Friday, September 22--first day of fall for 2017.  I looked at the weather forecast and it looks like it will be the first week of October before we are going to feel fall weather.  And I can tell you one thing, I look forward to those cooler temperatures for sure!

These days I have mixed feelings about fall.  It used to be my favorite time of year.  The cooler temps, the Friday nights of football, the opening of hunting season.  I loved watching the leaves change colors, making pots of soup, snuggling in a blanket.  Good things.  Fun things.  Happy things.

BUT, then there is the other side of fall.  The things that make it less of a favorite.  Both of my parents died in the fall.  Several other close family members died in the fall.  Less sunshine, more clouds, deeper depression.  Bad things. Heartbreaking things.  Sad things.

So every year I have to make a conscious decision as to how I am going to react.  And some years it is harder than others.  As I tried to pray the other night before bed all I could say was, "Dear God, my heart hurts."  No other words.  No other thoughts for others that needed prayers.

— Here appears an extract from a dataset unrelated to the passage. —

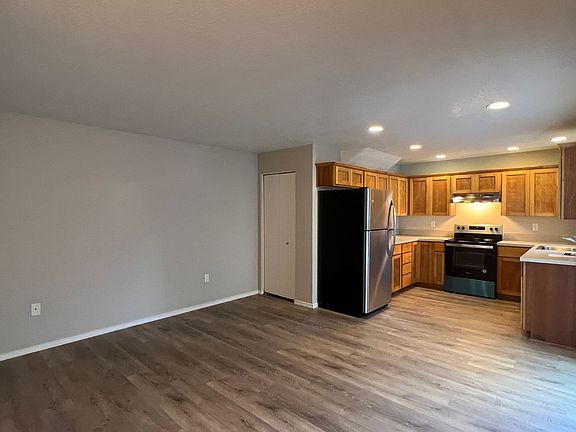 3rd image of 11873 SE Pine St #0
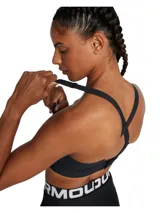 Top deportivo Under Armour Infinity Mid 2.0 de sujeción media, color negro. Presenta almohadillas moldeadas, paneles laterales de malla para ventilación, banda elástica inferior y tirantes ajustables convertibles.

I know that was a selfish prayer but I also know that God hears all of our prayers--even when we are focused on ourselves.  Jeremiah 29:12 says "Then shall ye call upon me, and ye shall go and pray unto me, and I will hearken unto you."  He promised to hear our prayers and we know that God does not go back on His promises.  So that night as I lay there unable to sleep, unable to cry, unable to think beyond the pain, I started letting all of the sad thoughts go through my mind.  Then one of my favorite verses came into my mind--"For everything there is a season..." (Ecclesiates 3:1).  Ok, then.  This is just a season and then it will pass. But that verse finishes with "...and a time to every purpose under the heaven."

So over the next few days I thought about that word "purpose".  God has a purpose for everything we face, for every trial, for every triumph, for every valley and every mountain.  And I know there is a purpose for my hurting heart.  In time I will know, I will see, and I feel like I'm being shown a glimmer of the direction where all of that pain and loss can be used to bring glory to God.



As I said, I've always loved the changing of the colors of the leaves in the fall.  As they die it shows us that there is beauty in growing old and reaching the end of our time.  That even as we depart from our original purpose that we can still be of use.  So that is what I need to focus on.  The fact that we all have a cycle of life and there will be seasons and some will bring joy and some will bring sadness but they all come from God.  I want to be like one of those leaves.  I want to bring Him glory regardless of changes going on.  I want to be of use until I'm all used up.  That will be my goal this year.  To provide beauty in the form of a helping hand, a listening ear or a strong shoulder to those people God sends my way--that would be an excellent way to spend this fall!

Even though I miss my loved ones no longer with me (and all of you have someone you miss too!) I'm making an effort to focus on the beauty, on the good things, on the happy things.  Hopefully, I will find some time to get in the kitchen and make a pot of Momma's soup.  And if the hubby is VERY lucky, I might even make a bowl of popcorn crunch.  And the ache of my heart has eased a little because I recently was able to use my experiences to be a guide for someone else.

Thank you, Lord, for always hearing my prayers--even when very few word will come.